DATA FOR REVIEW:

□ □ □ □ □

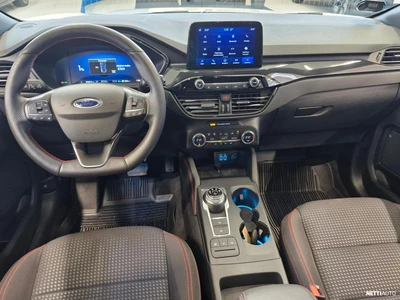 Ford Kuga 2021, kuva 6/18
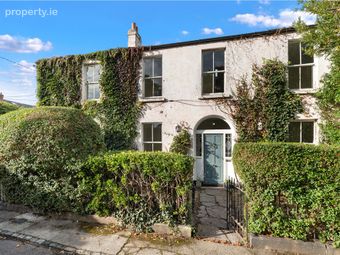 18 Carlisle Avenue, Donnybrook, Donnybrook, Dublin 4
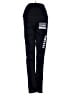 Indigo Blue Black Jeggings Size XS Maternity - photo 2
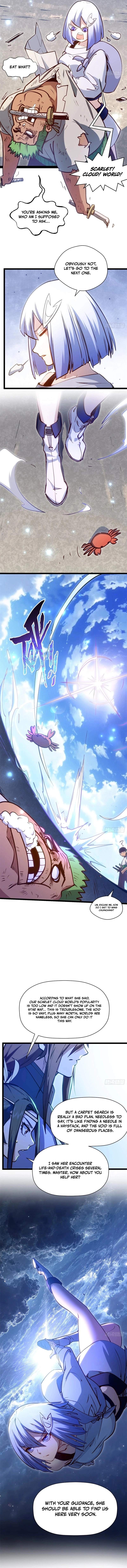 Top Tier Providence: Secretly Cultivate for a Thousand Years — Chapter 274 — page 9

□ □ □ □ □

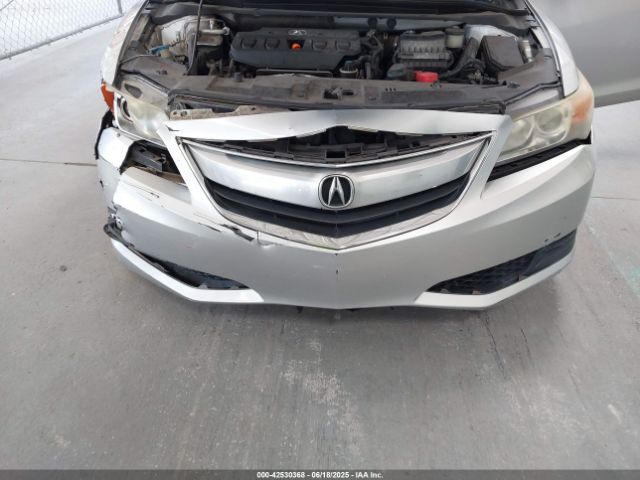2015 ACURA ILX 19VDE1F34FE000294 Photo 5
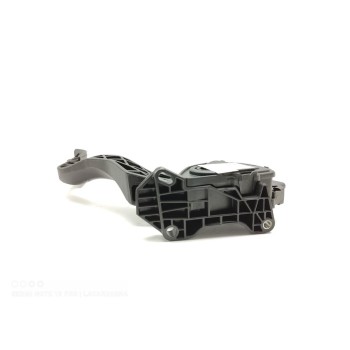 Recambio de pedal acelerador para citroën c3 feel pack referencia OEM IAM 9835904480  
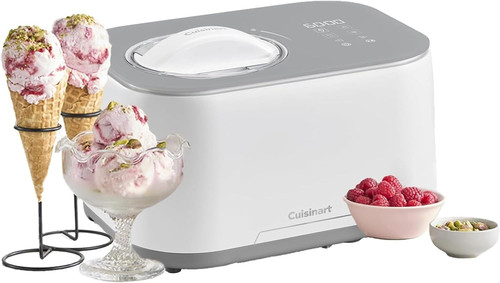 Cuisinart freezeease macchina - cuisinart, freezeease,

□ □ □ □ □

TASK TO COMPLETE: Copy needed, without pictures: the lines of the listing above from the line containing "Ford Kuga 2021, kuva 6/18" up to and including the line containing "Top Tier Providence: Secretly", set down exactly.

EXERCISE ANSWER:
 Ford Kuga 2021, kuva 6/18
 18 Carlisle Avenue, Donnybrook, Donnybrook, Dublin 4
 Indigo Blue Black Jeggings Size XS Maternity - photo 2
 Top Tier Providence: Secretly Cultivate for a Thousand Years — Chapter 274 — page 9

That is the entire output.